One more kvetch on a slightly higher level. People are motivated to do cognitive work by three things: autonomy, mastery, and purpose. Don't make me prove that here, read Drive by Daniel Pink or watch the RS Animation about it. Student achievement is driven primarily by student motivation. Yet there is little focus on motivating students. They are given almost no autonomy (at traditional schools). The higher purpose of education is rarely mentioned. You would think that school would, at least, allow them to pursue mastery. Surely this is what school is all about. Except in math education. Students are rarely allowed to pursue a concept or a process to the point of mastery. In a spiraling curriculum they are not allowed to stay on topic that long.
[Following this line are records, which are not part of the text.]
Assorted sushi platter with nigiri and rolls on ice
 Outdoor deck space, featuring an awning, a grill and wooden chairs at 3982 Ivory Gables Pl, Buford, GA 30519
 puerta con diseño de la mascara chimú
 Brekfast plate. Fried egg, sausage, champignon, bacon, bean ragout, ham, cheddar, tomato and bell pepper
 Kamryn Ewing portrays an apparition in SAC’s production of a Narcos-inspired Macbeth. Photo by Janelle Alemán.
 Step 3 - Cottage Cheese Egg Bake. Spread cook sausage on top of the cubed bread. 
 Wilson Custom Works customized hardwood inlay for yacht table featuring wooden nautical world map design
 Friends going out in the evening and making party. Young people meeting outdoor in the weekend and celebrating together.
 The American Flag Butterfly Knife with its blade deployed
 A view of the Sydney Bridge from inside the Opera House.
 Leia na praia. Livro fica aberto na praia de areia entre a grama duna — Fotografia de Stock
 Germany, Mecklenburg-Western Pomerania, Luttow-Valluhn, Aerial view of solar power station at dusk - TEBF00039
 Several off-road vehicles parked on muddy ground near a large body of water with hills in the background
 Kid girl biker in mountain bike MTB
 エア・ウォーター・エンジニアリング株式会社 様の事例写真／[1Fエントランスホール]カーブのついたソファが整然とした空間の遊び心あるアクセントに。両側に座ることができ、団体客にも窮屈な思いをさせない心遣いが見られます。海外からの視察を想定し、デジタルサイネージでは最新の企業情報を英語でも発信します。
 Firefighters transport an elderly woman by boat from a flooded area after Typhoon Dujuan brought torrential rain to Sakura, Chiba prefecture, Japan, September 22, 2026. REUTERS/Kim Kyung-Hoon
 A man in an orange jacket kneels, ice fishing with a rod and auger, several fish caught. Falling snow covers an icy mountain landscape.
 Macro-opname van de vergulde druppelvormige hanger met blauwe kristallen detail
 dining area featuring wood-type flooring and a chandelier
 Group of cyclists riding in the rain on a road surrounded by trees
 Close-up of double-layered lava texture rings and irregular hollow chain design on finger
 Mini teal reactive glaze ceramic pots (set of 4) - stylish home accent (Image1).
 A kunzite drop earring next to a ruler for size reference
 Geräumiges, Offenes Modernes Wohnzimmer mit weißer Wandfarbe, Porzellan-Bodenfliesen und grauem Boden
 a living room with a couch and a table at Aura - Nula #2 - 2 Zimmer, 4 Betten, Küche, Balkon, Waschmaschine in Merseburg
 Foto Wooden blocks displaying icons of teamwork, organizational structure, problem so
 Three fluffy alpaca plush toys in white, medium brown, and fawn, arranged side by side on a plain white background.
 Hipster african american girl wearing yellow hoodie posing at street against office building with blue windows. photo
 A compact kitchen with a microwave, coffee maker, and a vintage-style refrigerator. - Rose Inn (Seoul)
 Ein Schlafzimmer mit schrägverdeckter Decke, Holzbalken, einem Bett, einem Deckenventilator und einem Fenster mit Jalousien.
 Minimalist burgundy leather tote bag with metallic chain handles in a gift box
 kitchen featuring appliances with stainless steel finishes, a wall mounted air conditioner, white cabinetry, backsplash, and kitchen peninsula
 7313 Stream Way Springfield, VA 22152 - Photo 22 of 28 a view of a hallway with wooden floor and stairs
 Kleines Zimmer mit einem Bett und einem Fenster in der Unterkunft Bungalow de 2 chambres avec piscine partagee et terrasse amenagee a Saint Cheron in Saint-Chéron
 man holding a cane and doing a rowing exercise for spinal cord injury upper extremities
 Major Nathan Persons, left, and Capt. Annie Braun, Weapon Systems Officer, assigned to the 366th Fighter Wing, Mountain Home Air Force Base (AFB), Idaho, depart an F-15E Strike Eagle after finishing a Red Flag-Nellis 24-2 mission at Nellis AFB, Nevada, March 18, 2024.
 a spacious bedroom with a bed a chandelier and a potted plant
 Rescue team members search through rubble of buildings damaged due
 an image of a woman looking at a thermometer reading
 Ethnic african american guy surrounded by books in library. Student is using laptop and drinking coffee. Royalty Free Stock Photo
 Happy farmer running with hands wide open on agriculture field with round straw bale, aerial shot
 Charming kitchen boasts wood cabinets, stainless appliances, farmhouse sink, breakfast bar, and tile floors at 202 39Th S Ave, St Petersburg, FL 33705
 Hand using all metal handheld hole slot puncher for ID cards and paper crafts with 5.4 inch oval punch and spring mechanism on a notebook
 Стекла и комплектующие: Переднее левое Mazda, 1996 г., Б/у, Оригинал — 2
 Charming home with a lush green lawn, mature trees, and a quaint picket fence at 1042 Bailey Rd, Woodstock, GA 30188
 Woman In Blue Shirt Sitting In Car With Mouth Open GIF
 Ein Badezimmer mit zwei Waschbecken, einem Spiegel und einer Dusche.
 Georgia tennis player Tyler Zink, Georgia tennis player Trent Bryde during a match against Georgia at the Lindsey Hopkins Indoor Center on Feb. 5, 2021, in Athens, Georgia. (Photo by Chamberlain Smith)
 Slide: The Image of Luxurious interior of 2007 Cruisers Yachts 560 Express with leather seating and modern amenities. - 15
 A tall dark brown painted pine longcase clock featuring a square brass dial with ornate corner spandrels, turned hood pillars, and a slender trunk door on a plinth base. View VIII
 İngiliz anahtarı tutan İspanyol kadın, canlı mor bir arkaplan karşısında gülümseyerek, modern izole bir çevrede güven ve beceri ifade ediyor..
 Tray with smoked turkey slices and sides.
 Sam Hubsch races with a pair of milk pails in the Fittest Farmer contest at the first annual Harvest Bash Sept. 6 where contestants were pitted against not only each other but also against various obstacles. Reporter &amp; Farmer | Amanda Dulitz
They are not allowed to pursue the idea all the way to the end. And they couldn't do it even if they wanted to because the workbook for that section is taken away from them when the section is complete and they can never refer back to it again. The spiraling curriculum and the modular instructional materials de-contextualizes the subject and makes it un-intelligible. It is oddly perverse that Math, a discipline with perfect unity and interconnectedness, is intentionally de-contextualized. Consequently students are never given a very good reason to learn math and, unless they have someone at home supporting them and motivating them, they are not going to get the necessary motivation at school as a result of the curriculum design - without regard to the individual teacher.
If I'm wrong about any of this, please correct me.